I also believe that somewhere in the deciding process, these thoughts entered my consciousness: “I can channel my inner creativity to create my own personal zen space in which I can spend hot summer nights peacefully dreaming while I am here absorbing all that New York City has to offer…. AND I can find all the items to express my mad interior decorating skillz cheaply at IKEA.”
It doesn’t matter how easy you think it is or how cheap you believe IKEA is. It’s always going to cost you more money, time and freakin’ stress than anticipated. The effort you put in, spending a whole day schlepping out to Red Hook to buy assemble-it-yourself furniture that you can’t return unless it’s in original packaging for your empty sublet in the East Village that you’re not going to spend any time in anyway, is ultimately NOT worth it.
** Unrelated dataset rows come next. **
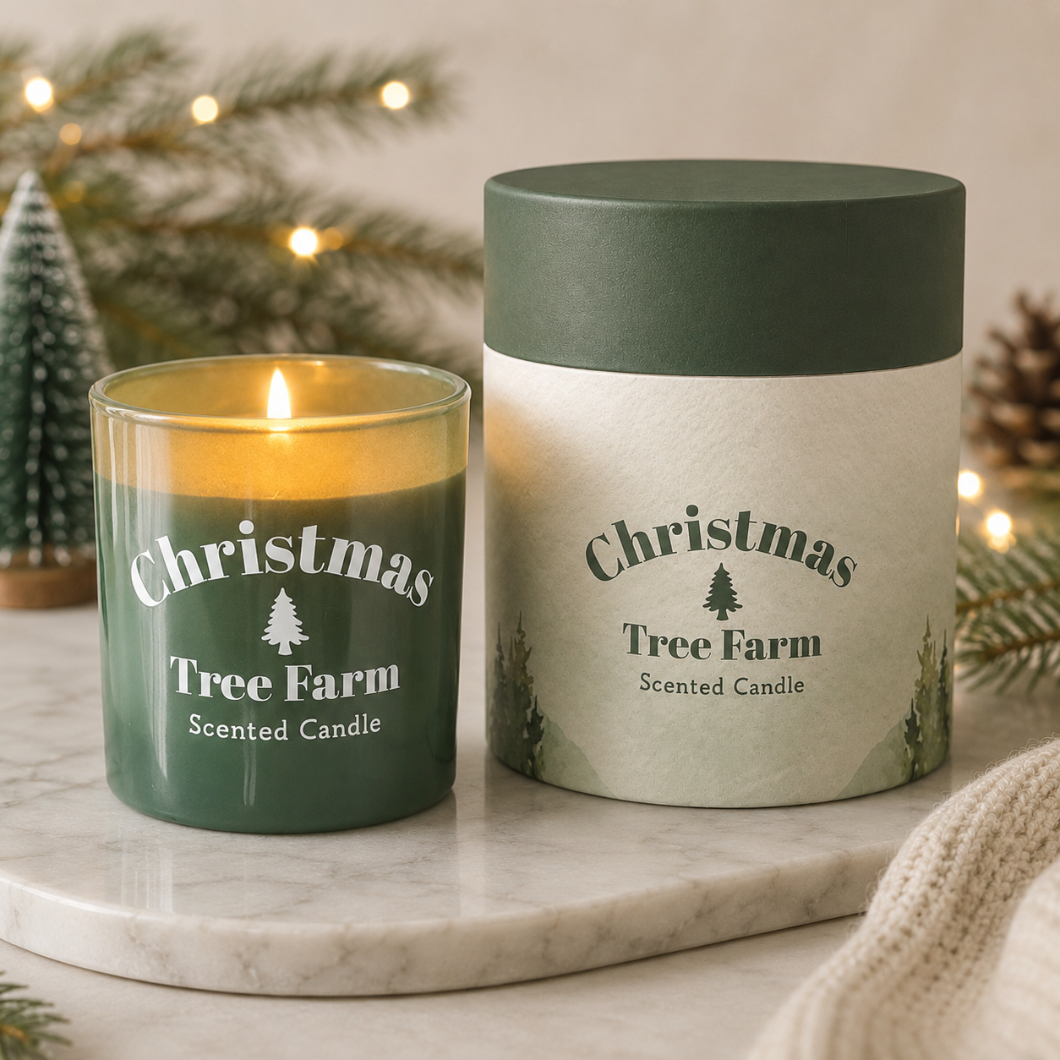 Christmas Tree Farm Boxed Scented Candle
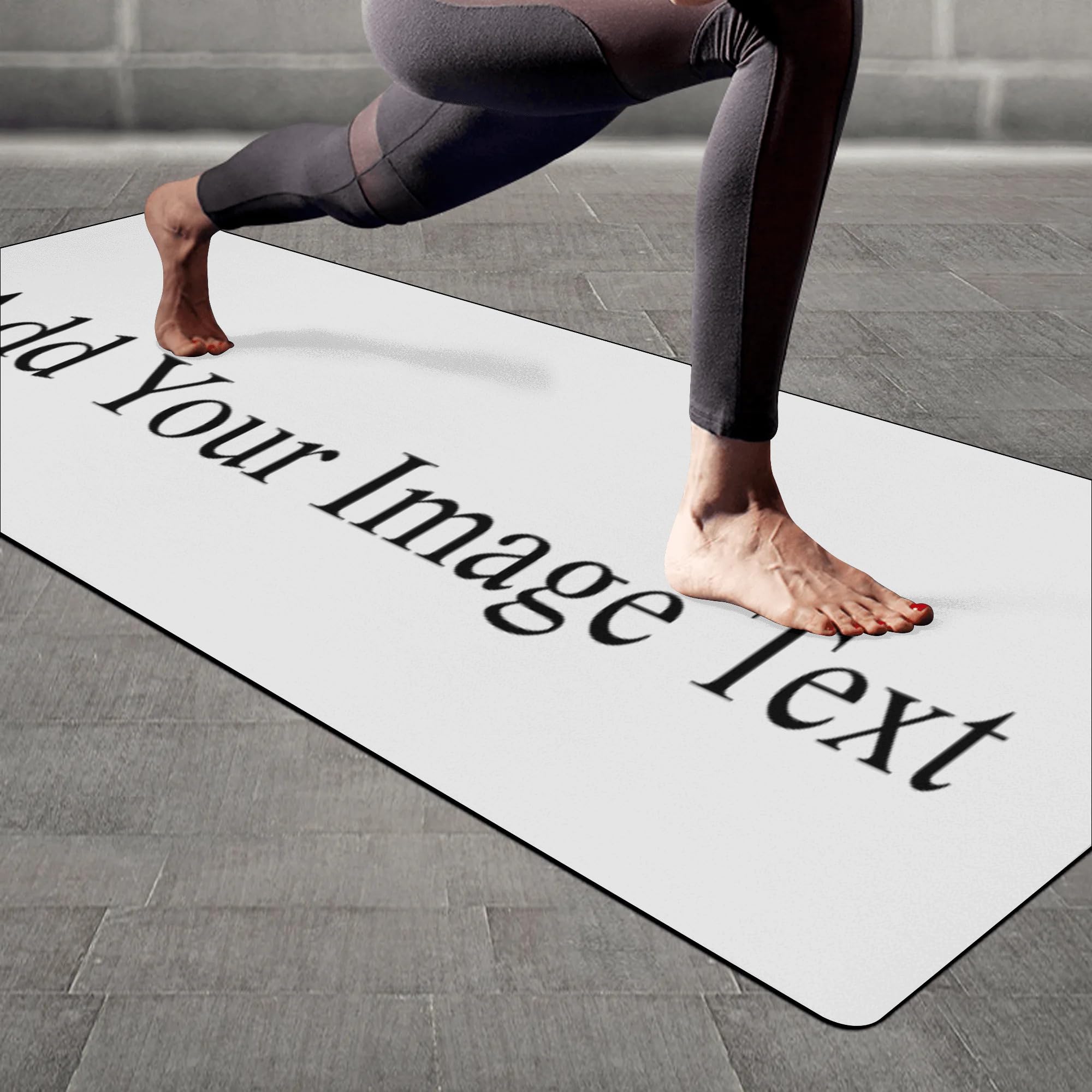 Individuelle Yogamatte für Frauen und Männer, rutschfest, umweltfreundlich, Übungsmatte, DIY-Thema, Geburtstagsgeschenk für Frauen, Männer, Lehrer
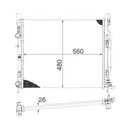 MAHLE CR 1155 000P Kühlmittelkühler für RENAULT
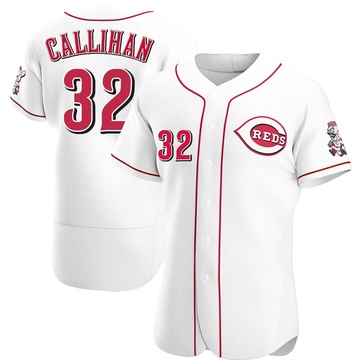 Men's Cincinnati Reds Tyler Callihan White Home Jersey - Authentic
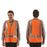 ProChoice Fluoro H Back Safety Vest Day/Night Use with Reflective Tape (1605306122312)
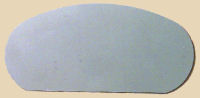 Light blue ceramic clay slab, smooth surface, suitable for rolling out pottery and sculpting projects at Georgies Ceramic & Clay Company.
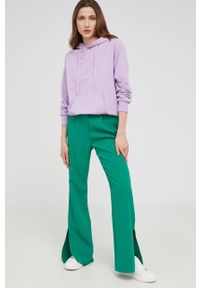 Answear Lab bluza damska kolor fioletowy z kapturem gładka. Okazja: na co dzień. Typ kołnierza: kaptur. Kolor: fioletowy. Wzór: gładki. Styl: wakacyjny #5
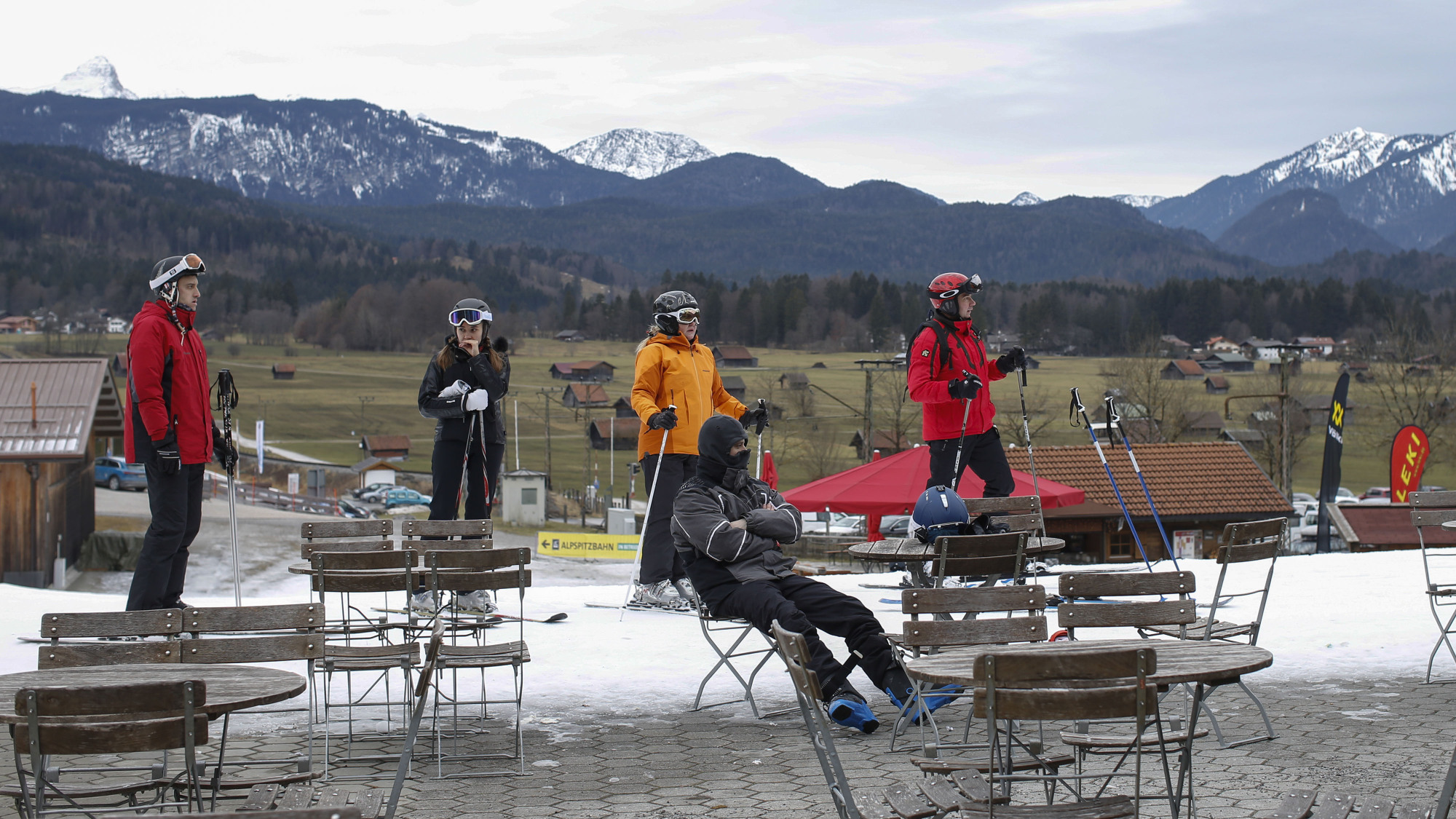 Artificial snow has become a necessity in many European ski areas, including this resort in Garmisch-Partenkirchen, Germany. | BLOOMBERG
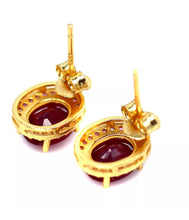 Cargar imagen en el visor de la galería, Aros Rubí y Zafiro Rosado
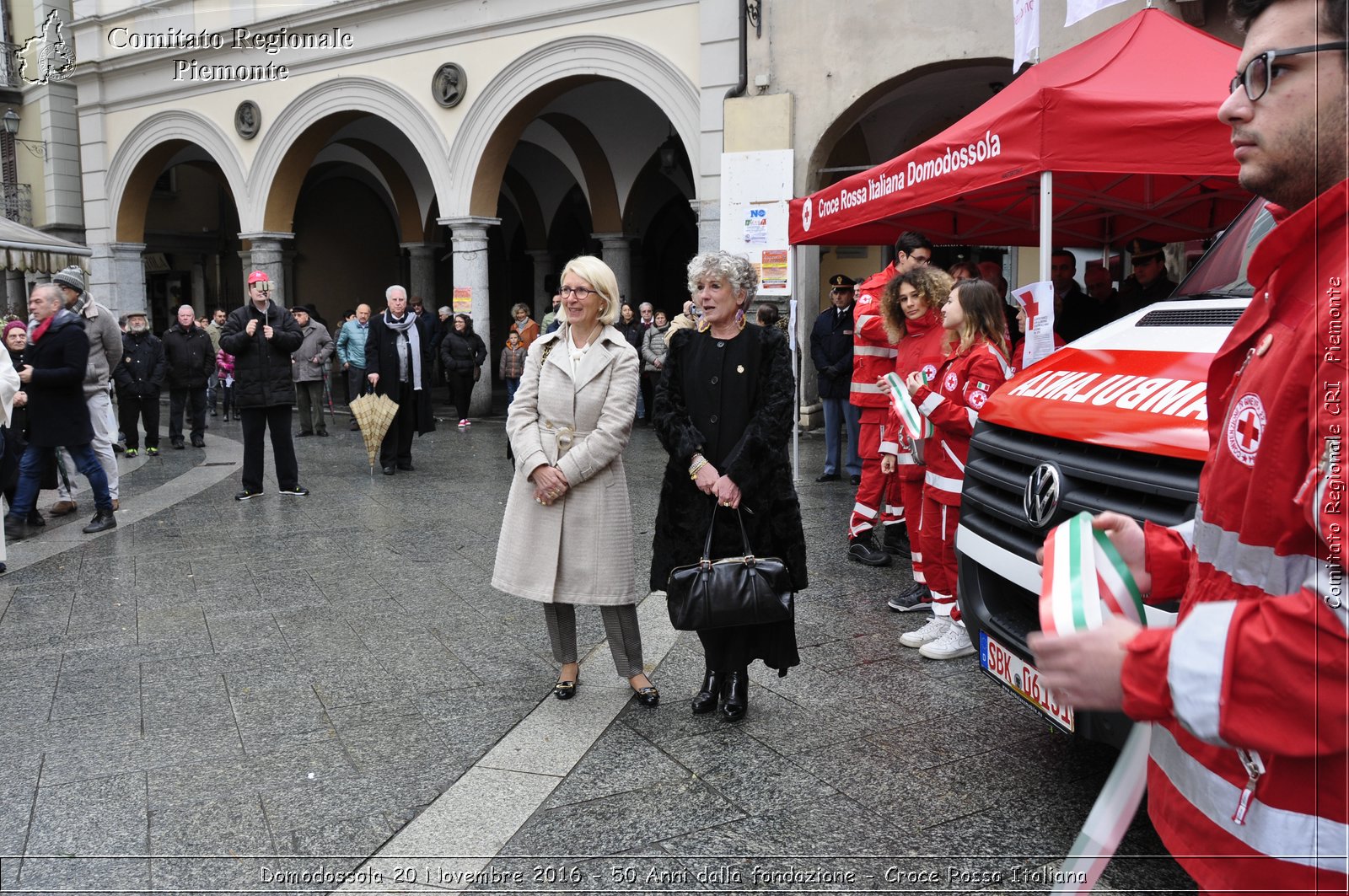 Domodossola 20 Novembre 2016 - 50 Anni dalla fondazione - Croce Rossa Italiana- Comitato Regionale del Piemonte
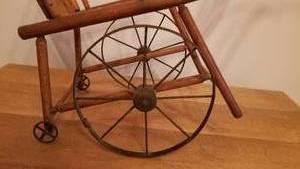 lot 90 image: Victorian Dog Goat Cart Wagon
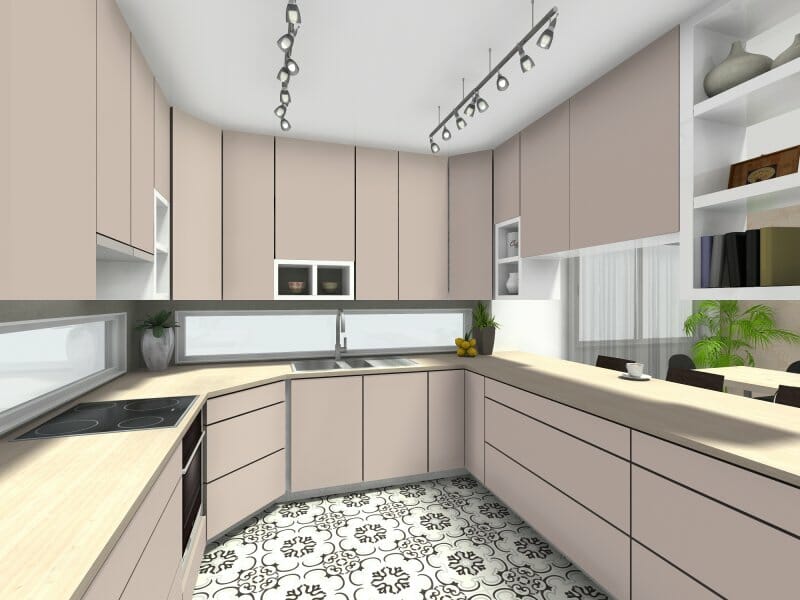 Peninsula kitchen layout u-shaped
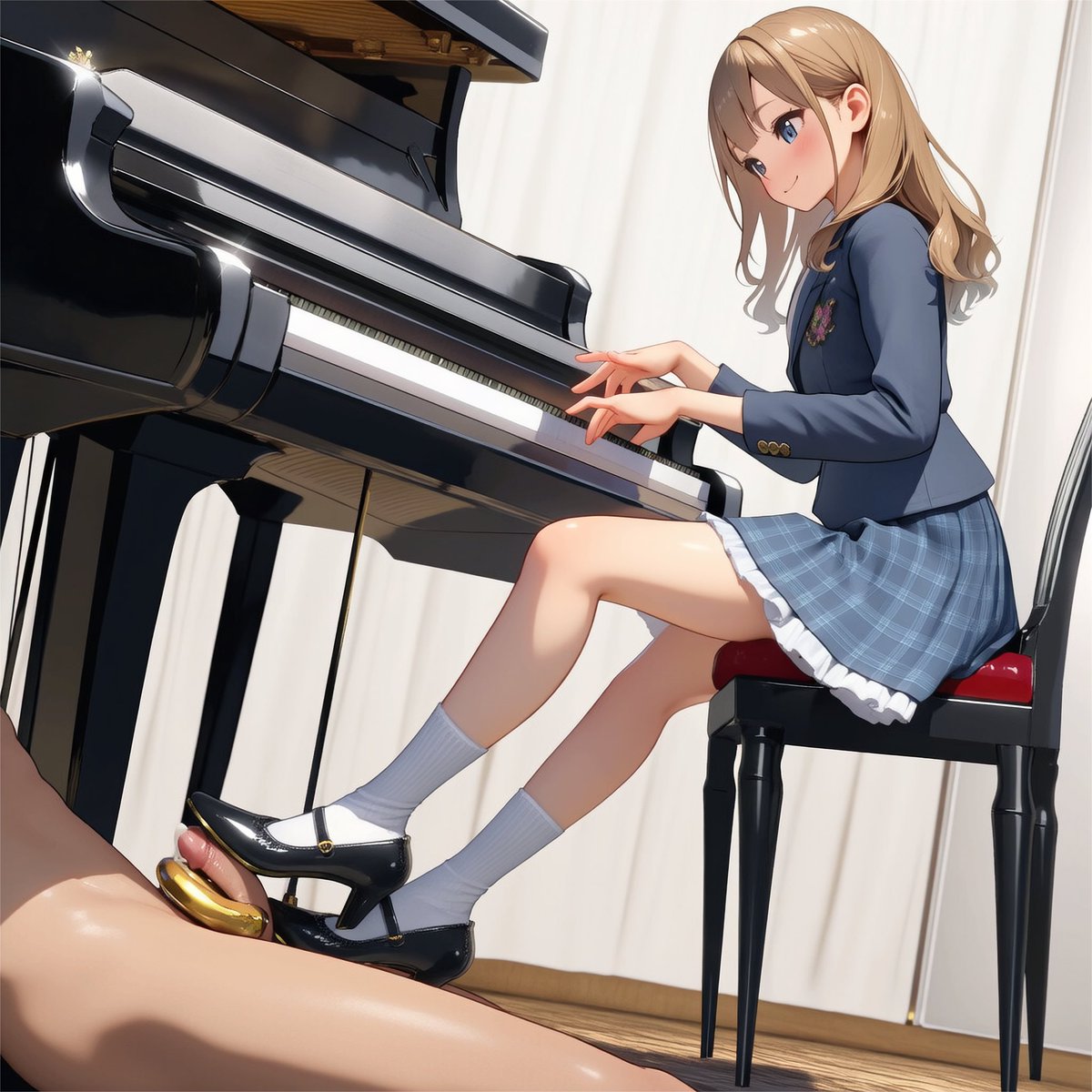 つい先日までこの構図を出す事にすら難儀していたのに、いざ出来るとなるとしっかりペダルの上に乗った逸物を踏んで欲しいと思ってしまう…人間は贅沢ものです。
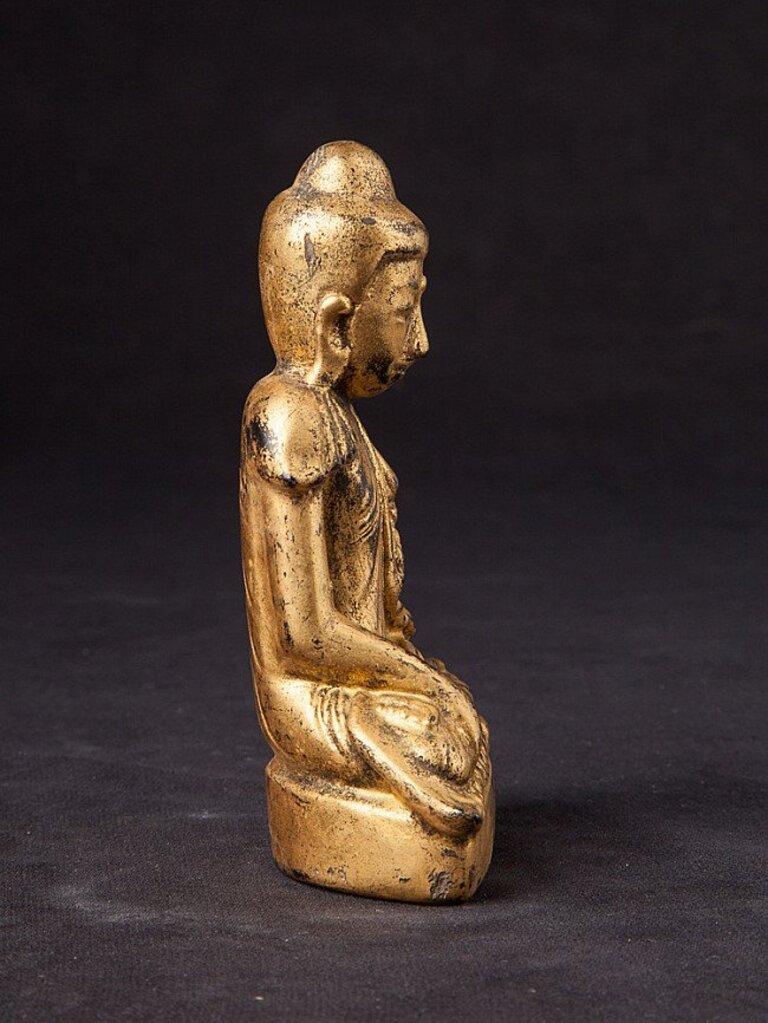 Lacquer Antique Burmese Buddha Statue from Burma For Sale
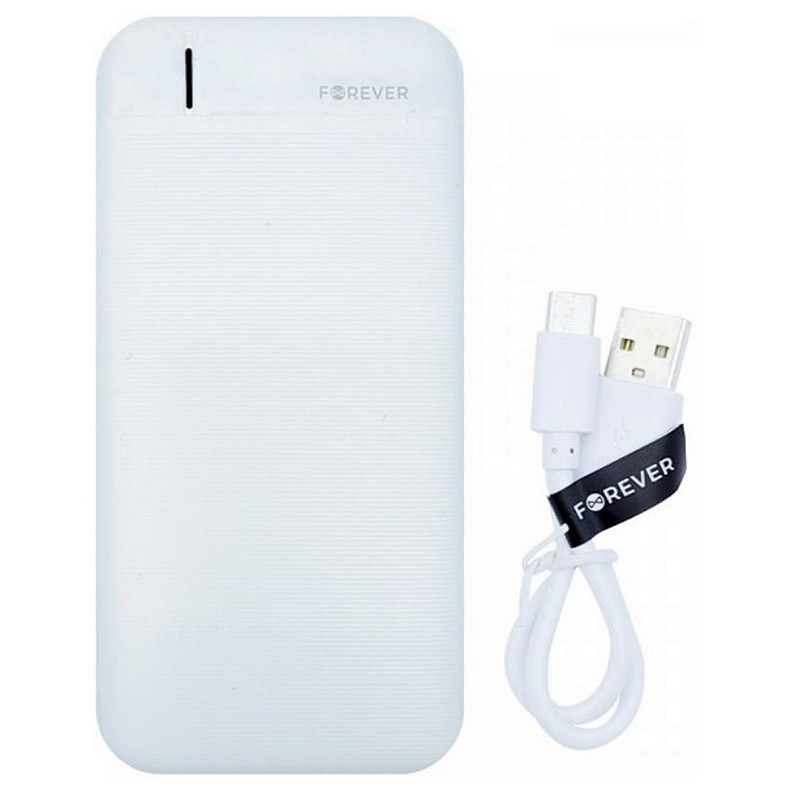 Універсальна мобільна батарея Forewer TB-100M 10000mAh White (1283126565106)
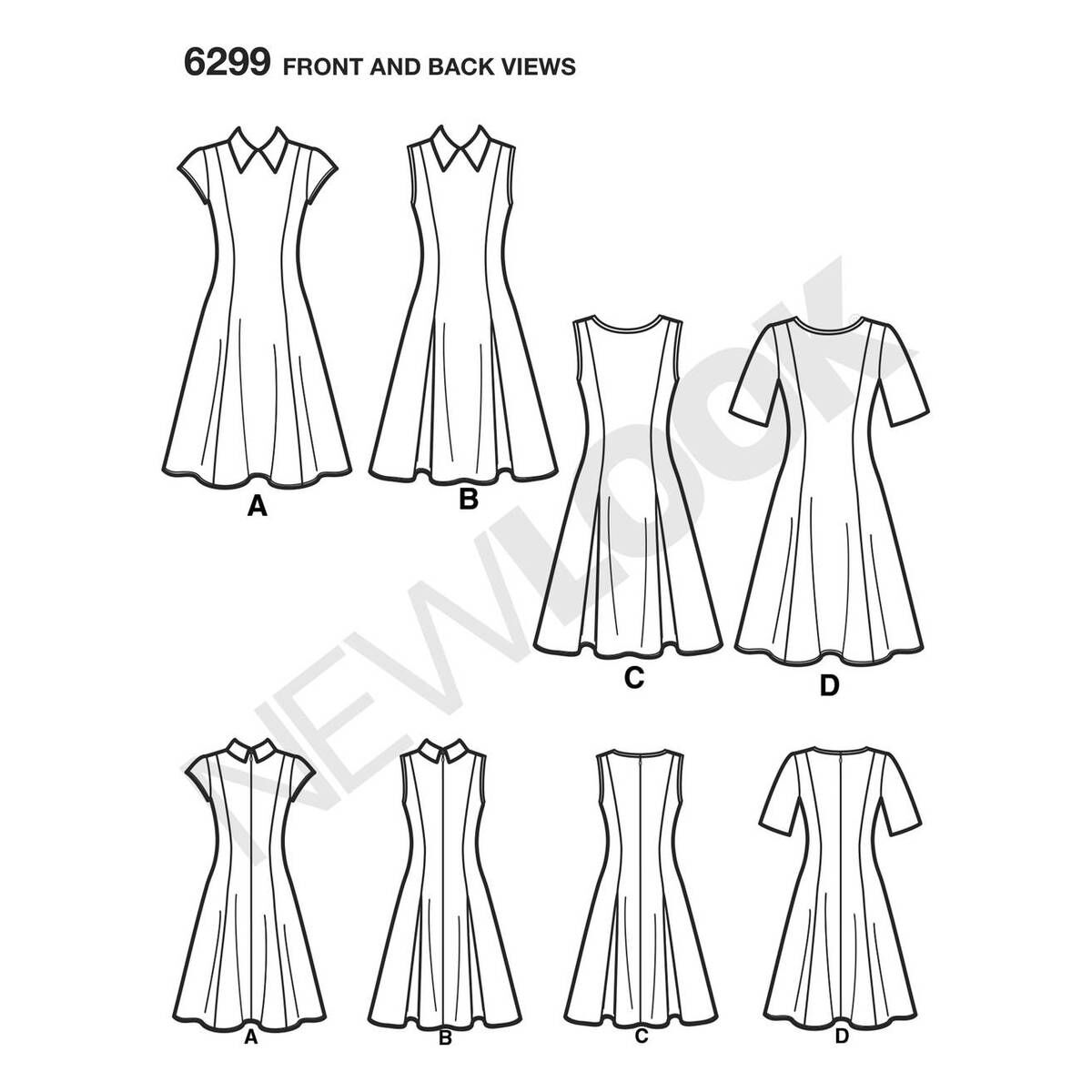 New Look Women's Dress Sewing Pattern 6299 | Hobbycraft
After attempting to sell furniture that is less than a month old and expecting maximum ROI (but getting a huge thorn up my backside instead), here’s what I learned: Unless you’re committed to an unfurnished place for at least a year, you’re better off getting a sleeping bag or a blow up mattress and camping out on the floor. Alternatively, you can get an Equinox membership for their Kiehl’s bath products and sleep on a nearby park bench or piece of pavement. They have 21 locations in Manhattan, so this should be easy to find. Anyway you do it, this wisdom still holds: You can’t get bedbugs if you don’t have a bed.